Data contracts tackle this uncertainty and end assumptions by creating a formal agreement. This agreement contains a schema that describes and documents data, which determines who can expose data from your service, who can consume your data, and how you can manage your data.
What are data contracts?
A data contract is a formal agreement between the users of a source system and the data engineering team that is extracting data for a data pipeline. This data is loaded into a data repository — such as a data warehouse — where it can be transformed for end users.
What method are you using to extract data (e.g., change data capture)?
At what frequency are you ingesting data?
Who are the points of contact for the source system and ingestion?
You can write a data contract in a text document. However, it’s better to use a configuration file to standardize it. For example, if you are ingesting data from a table in Postgres, your data contract could look like the following in JSON format:
When your architecture becomes distributed or large enough, it’s increasingly difficult to track changes, and that’s where a data contract brings value to the table.
When your applications access data from each other, it can cause high coupling, i.e., applications are highly interdependent on each other. If you make any changes in the data structure, such as dropping a table from the database, it can affect the applications that are ingesting or using data from it. Therefore, you need data contracts to implement versioning to track and handle these changes.

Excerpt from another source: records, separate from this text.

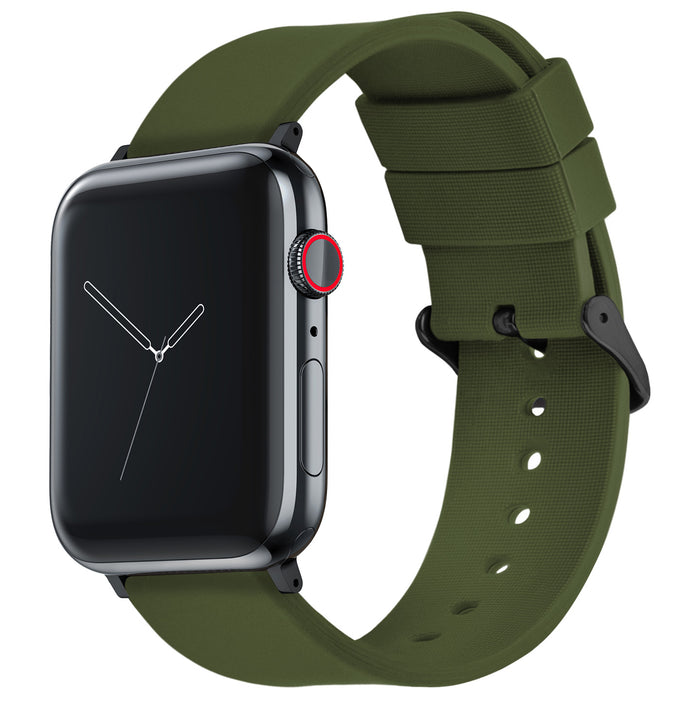 Apple Watch | Silicone | Army Green - Barton Watch Bands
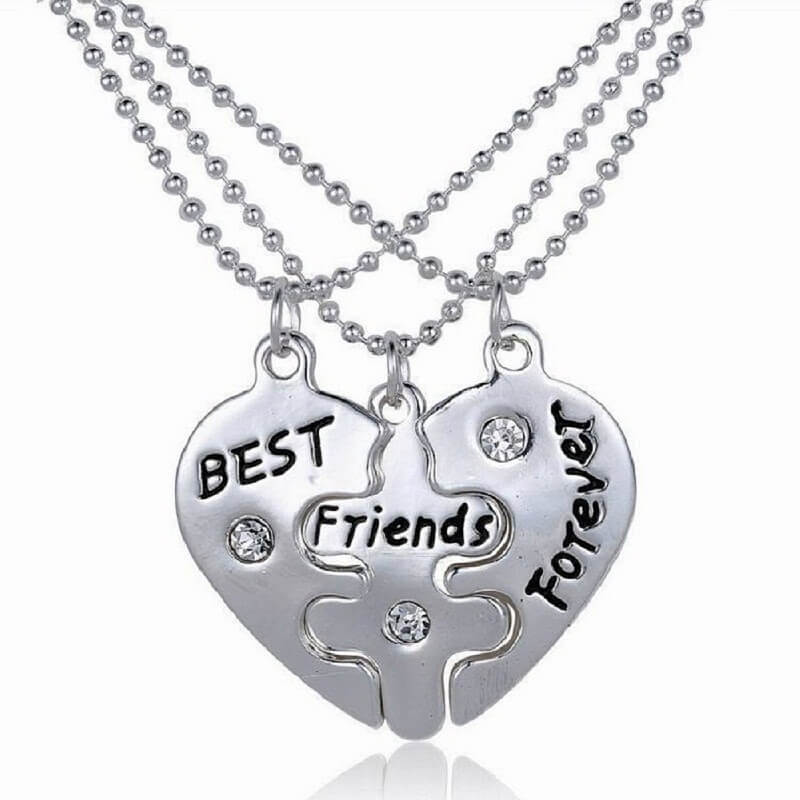3pcs Best Friends Forever Necklaces
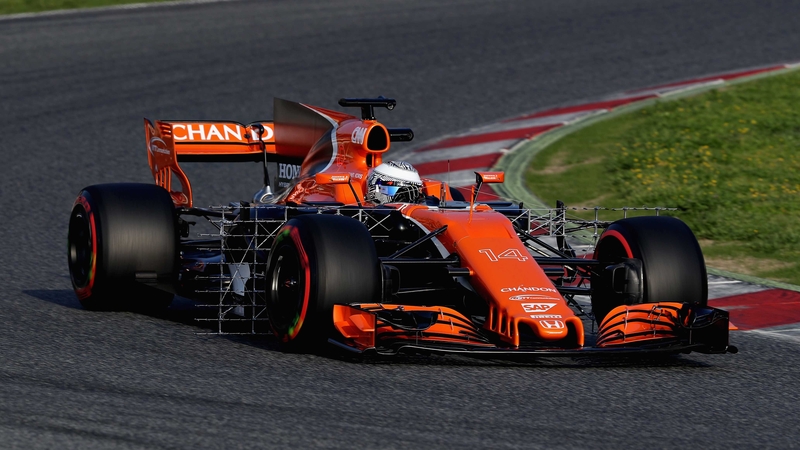 Fernando Alonso earlier today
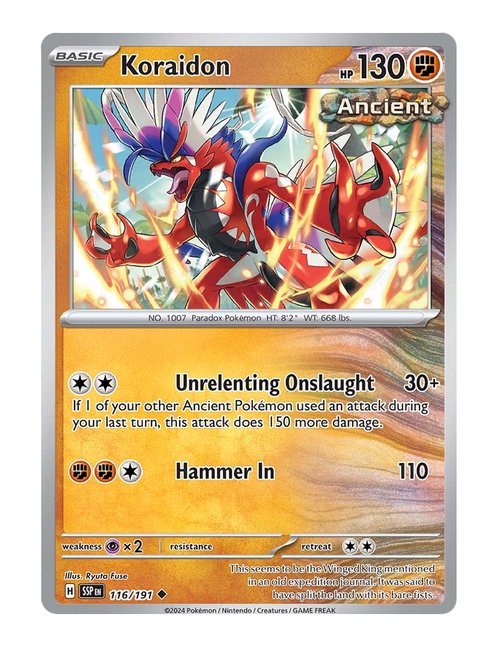 Koraidon #116/191 - Surging Sparks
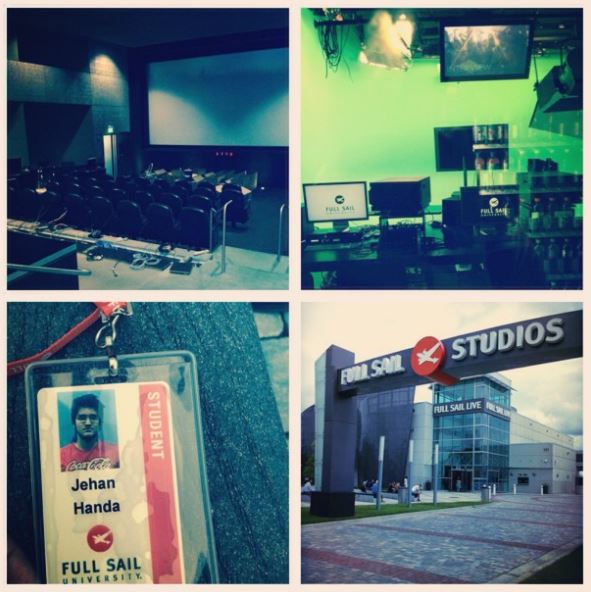 Jehan Handa completed his graduation at Full Sail University
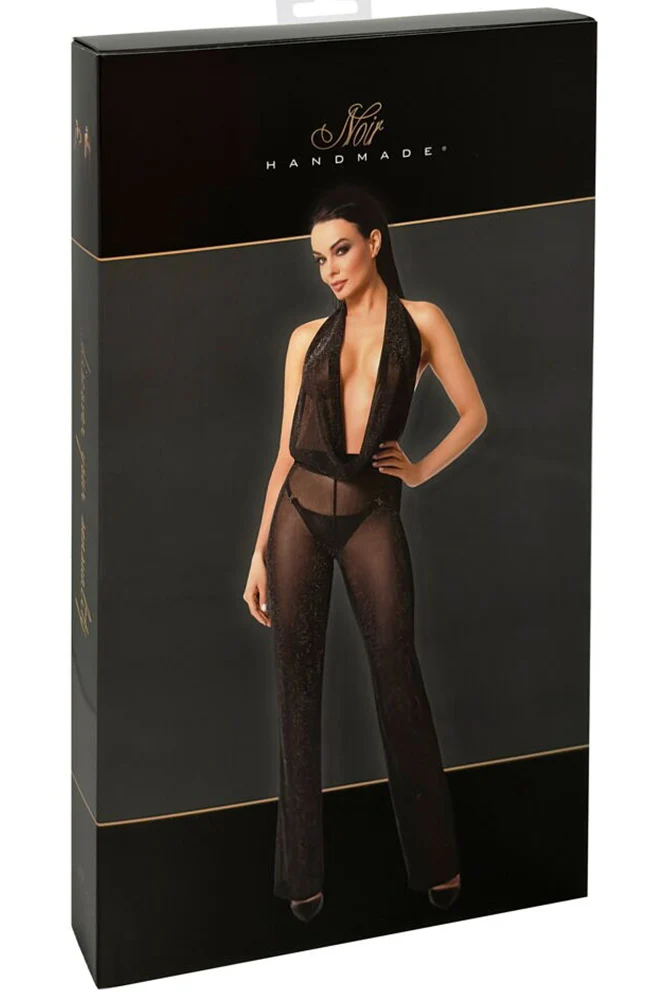 Noir Handmade Shimmering Jumpsuit - Image 4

To ensure your data contracts fulfill their purpose, you must:
Enforce data contracts at the data producer level. You need someone on the data producer side to manage data contracts. That’s because you don’t know how many target environments can be used to ingest data from your operational systems. Maybe, you first load data into a data warehouse and later go on to load data into a data lake.
Cover schemas in data contracts. On a technical level, data contracts handle schemas of entities and events. They also prevent changes that are not backward-compatible, such as dropping a column.
Cover semantics in data contracts. If you alter the underlying meaning of the data being generated, it should break the contract. For instance, if your entity has distance as a numeric field, and you start collecting distance in kilometers instead of miles, this alteration is a breaking change. This means that your contract should include metadata about your schema, which you can use to describe your data and add value constraints for certain fields (e.g., temperature).
Ensure data contracts don’t affect iteration speed for software developers. Provide developers with familiar tools to define and implement data contracts and add them to your CI/CD pipeline. Implementing data contracts can minimize tech debt, which can positively impact iteration speed.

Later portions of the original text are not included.